HWE Bench · RISC-V CPU design benchmark for LLMs

HWE Bench

An unbounded benchmark for LLM hardware engineering. Large language models design RISC-V CPUs from scratch. Every design must first pass a full battery of formal correctness proofs, so buggy CPUs are thrown out. The ones that survive are then scored by how fast they would actually run on a physical FPGA.

Thesis SWE-bench tops out at 100%. HWE Bench doesn't have a top.
The fitness number reflects an actual microarchitecture, and microarchitecture has room to grow as long as models keep finding it.

Model release date × peak HWE score

Each point is one model configuration's best completed HWE Bench rep; reasoning-effort variants share their underlying model family's public release date. The dashed fit is descriptive, not a forecast. Release dates come from the OpenAI API / Codex notes, Gemini API changelog, and Kimi K2.6 announcement.

Score × Area

Vertical axis: CoreMark fitness (how fast the CPU runs the benchmark). Horizontal axis: chip area (LUT4 count, basically how many gates the design uses on the FPGA). One point per model's best run. VexRiscv (3,957 LUT4 · fitness 370) is the human-engineered reference. Up and to the left is the goal: faster chip, smaller chip.

Peak fitness per model

Best of N=3 reps per model · 31 reps total · VexRiscv human reference in red · baseline V0 in italic
#	Model	Reps	Best	Δ%	Mean ± std	Area (LUT4)	Fmax (MHz)
1	gpt-5_5_xhigh	3/3	525.04	+85.6%	468.3 ± 52.8	5.5k	220
2	gpt-5_6-terra	3/3	515.70	+82.3%	442.3 ± 55.8	10.5k	209
3	gpt-5_4_xhigh	3/3	513.84	+81.7%	485.8 ± 28.1	10.1k	203
4	gpt-5_6-luna	3/3	480.90	+70.0%	452.0 ± 29.0	10.1k	209
5	gpt-5_6-sol	1/3	470.80	+66.5%	470.8	10.2k	200
6	gpt-5_5_high	3/3	461.87	+63.3%	430.2 ± 23.0	9.8k	187
7	gpt-5_5_medium	3/3	431.58	+52.6%	423.5 ± 11.2	7.8k	201
8	kimi-k2_6	2/3	396.13	+40.1%	339.5 ± 8.3	9.9k	166
9	gpt-5_4-mini	3/3	395.53	+39.9%	362.3 ± 23.7	10.2k	187
10	VexRiscv (human ref)	n/a	370.00	+30.8%	n/a	3.4k	144
11	gemini-3_5-flash	0/1	359.04	+27.0%	n/a	13.8k	125
12	gemini-3_1-pro	3/3	354.73	+25.4%	339.4 ± 12.6	10.2k	150
13	baseline V0 (fixture)	n/a	282.82	n/a	n/a	9.6k	127

The VexRiscv row is the human-engineered reference, a well-known open-source RV32IM CPU synthesized on the same FPGA used for the benchmark. 9 of the LLM-generated designs beat it. See the methodology page for the full procedure.

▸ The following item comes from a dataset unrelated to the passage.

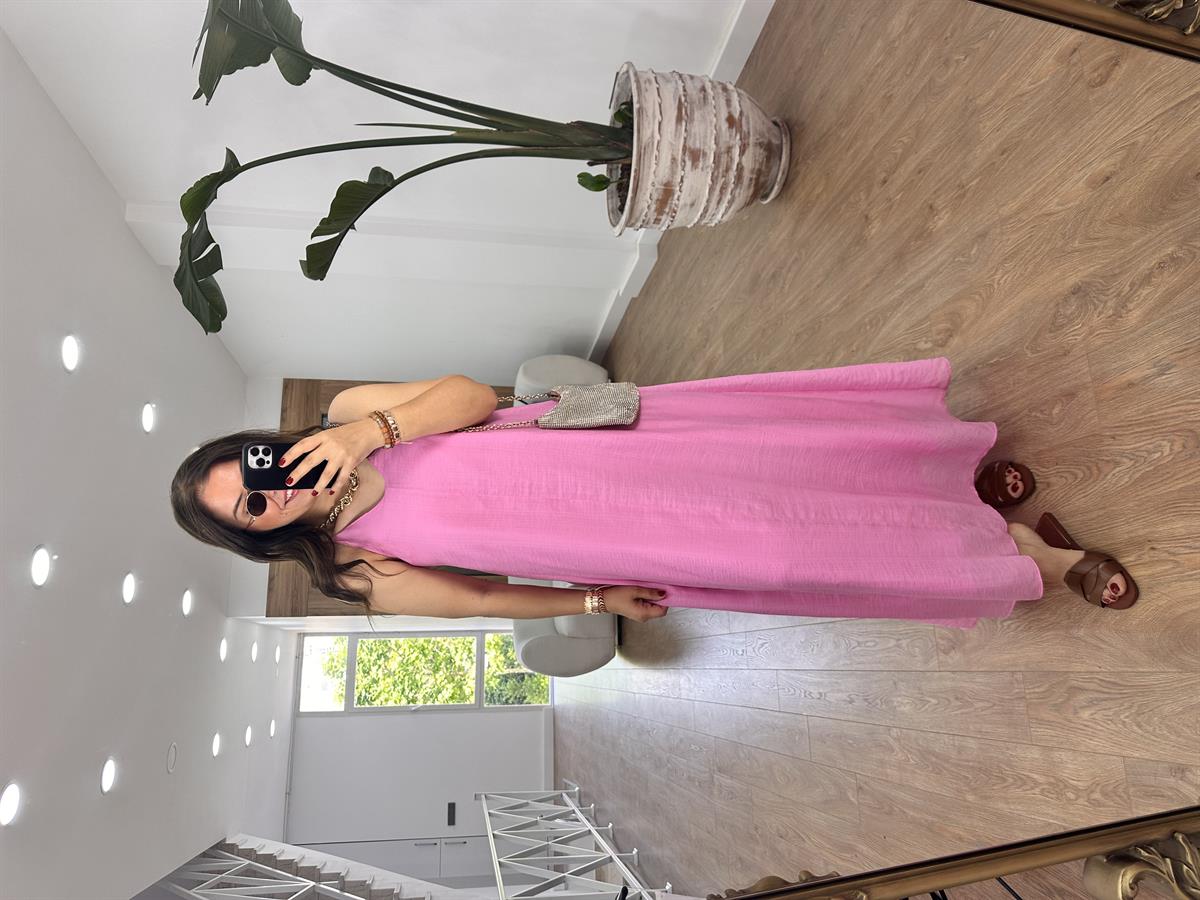 Askıları Ayarlanabilir Cepli Vual Elbise-Açık Pembe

SWE-bench saturates. HWE Bench doesn't.

Most LLM benchmarks have a fixed ceiling. SWE-bench tops out at 100% issue-resolution. Multiple-choice evals approach 99%. Once a model lands at the ceiling, every subsequent model gets the same score, and the benchmark stops being useful for tracking capability.

HWE Bench has no ceiling. Fitness is the CPU's actual speed running CoreMark on a real FPGA, operating frequency times instructions-per-cycle (Fmax × IPC for the technically inclined). There's no theoretical maximum: a smarter microarchitecture always scores higher. As long as models keep finding new tricks (deeper pipelines, smarter branch predictors, restructured ALUs), the leaderboard keeps moving.

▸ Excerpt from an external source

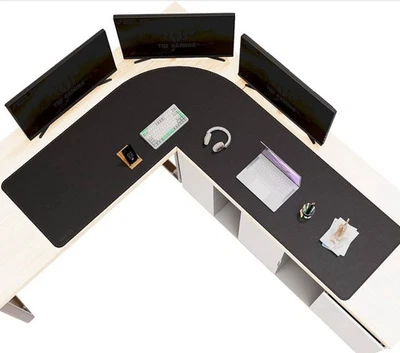 Tappetino da scrivania angolare a forma di L, in pelle PU, Workstation & Gaming - Immagine 1 di 4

Empirically: the current best is 525.04 iter/s, +85.6% over the V0 baseline core, and clear of the VexRiscv human reference. There is no theoretical ceiling, and within current budgets the curve has not saturated.

Fitness over rounds, best rep per model

Running max of CoreMark fitness across the 15 hypothesis rounds for each model's best-performing rep. Lines step up when a winning hypothesis lands and stay flat otherwise. VexRiscv's human-reference fitness is the red dashed line; the baseline V0 core is the gray dashed line.